In fact, since at least March of this year, SpaceX has been petitioning the Federal Communications Commission (FCC) for permission to compete for money from the Rural Digital Opportunity Fund (RDOF) worth $16 billion initially, and eventually up to $20.4 billion. The FCC plans to choose one or more telecommunications providers to expand rural customer's access to gigabit-speed internet service. Those providers who offer the most attractive prices for the most reliable -- and fastest -- service can expect to win a lot of taxpayer money from the government.

Earth surrounded by an image representing an Internet satellite network

Satellite internet broadband could soon be coming to a farm near you. Image source: Getty Images.

In June, the FCC announced that it will permit SpaceX to compete for part or all of these funds in the fastest, lowest latency tier of service. Earlier this month, the FCC went a step further. Releasing the official list of 386 companies qualified to submit bids to provide low-latency (i.e. low-lag) internet service to rural locations, the FCC named all the usual suspects:  

In an A-to-Z list of 386 approved bidders, the FCC confirmed that Altice can provide broadband internet service, and Verizon Communications, too. Cincinnati Bell, Cox Communications, and Co-op Connections Consortium all made the cut. Ground-based cellular and cable companies galore, in fact, will all be permitted to bid for the most lucrative, low-latency work -- but among satellite broadband internet providers, only Hughes, Viasat (NASDAQ:VSAT), and SpaceX were approved to bid.  

What it means for the satellite companies

Questions remain concerning all three satellite bidders.

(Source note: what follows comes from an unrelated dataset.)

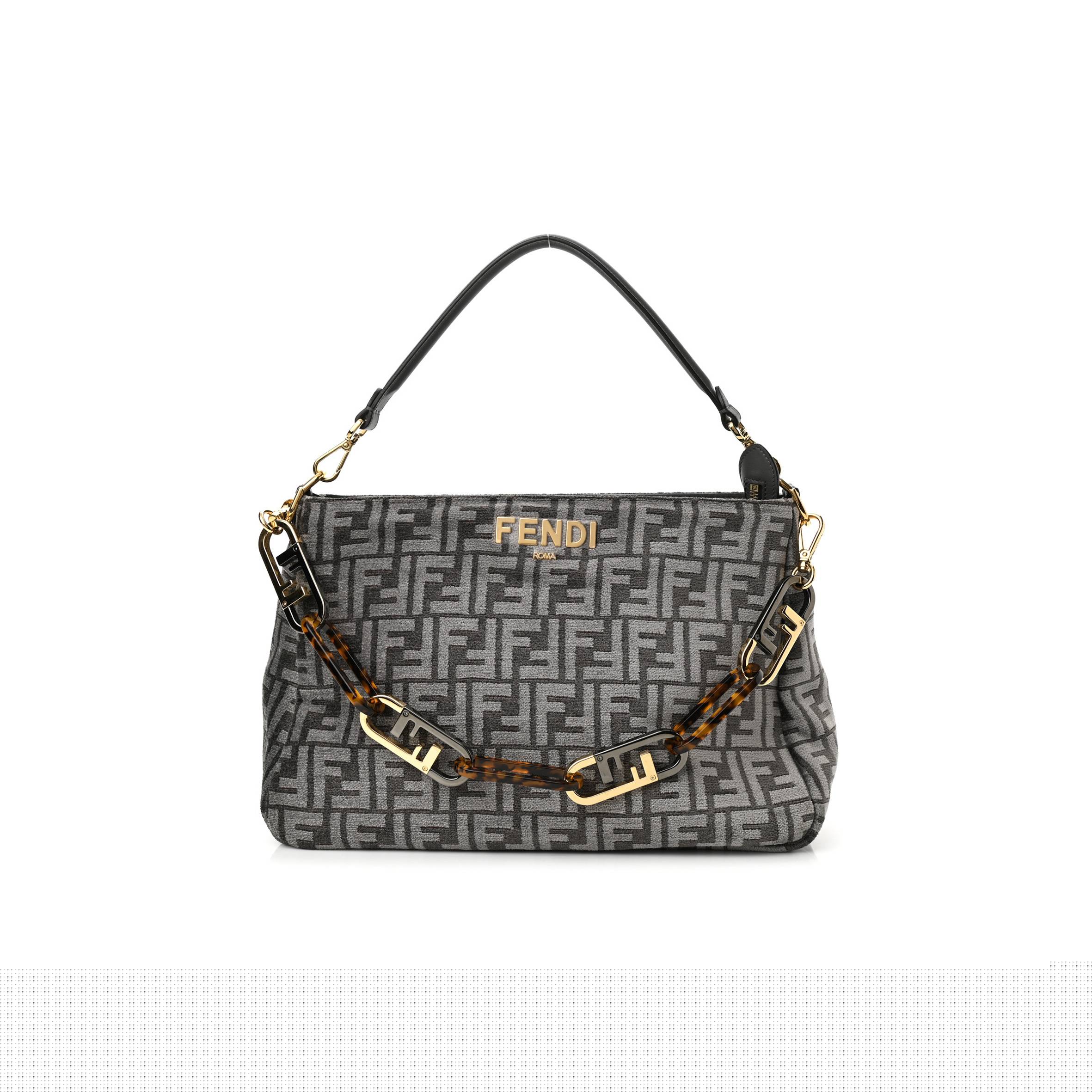 F**di chenille vitello seta plexiglass ff F**di o'lock zipper anthracite asfalto (35*23*14cm)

Hughes and Viasat, for example, provide their internet service from high-flying geostationary satellites. But at orbital altitudes 22,000 miles from Earth and more, their lag times are likely to be huge -- as much as 500 milliseconds or more, notes SpaceNews.com, versus the sub-100 millisecond lag times that the FCC is looking for. To remedy this deficiency, Hughes has proposed offering service from bankrupt OneWeb's Low Earth Orbit satellites instead. Viasat, meanwhile, may solve the latency problem by creating a new constellation of LEO satellites of its own.  

SpaceX, which has already begun orbiting Starlink satellites at altitudes of less than 400 miles, is promising lag times well within the FCC's threshold for low latency. Granted, SpaceX is only just now getting ready to open Starlink beta testing to the public, but private tests conducted in-house suggest its satellite constellation is already delivering lag times as low as 31 ms.  

What it means to investors

SpaceX, of course, was founded by Elon Musk and famously remains a privately owned company and (mostly) unavailable for public investment -- so why does any of this interest investors in the stock market?

For one, potentially huge reason: Starlink might IPO.

In fact, SpaceX Chief Operating Officer Gwynne Shotwell has been dropping rather heavy hints about an impending IPO of SpaceX's broadband satellite internet service all year long, and a big FCC contract win could be just the catalyst to give the SpaceX subsidiary enough cache to reap a huge IPO haul.

Consider: Most analysts who follow SpaceX today agree the company is probably doing between $2 billion and $3 billion in annual revenue from launching rockets. If Starlink wins a 10-year, $20 billion contract from the FCC to provide rural internet service, though, well, that would work out to $2 billion a year -- an amount nearly equal to all the money that parent company SpaceX is currently taking in.  

Indeed, even winning just a piece of the FCC's RDOF money could provide the kick start that gets Starlink off the ground commercially, and begin moving the SpaceX subsidiary toward the $30 billion in annual revenue that SpaceX ultimately expects Starlink to produce. At projected operating profit margins approaching 60%, Starlink has the potential to soon be producing $18 billion in profit -- not just revenue -- for SpaceX. Suffice it to say this would make the company very attractive to IPO investors, and it could all begin with a single contract win.  

Oh, and by the way: Bidding on RDOF begins Thursday, Oct. 29.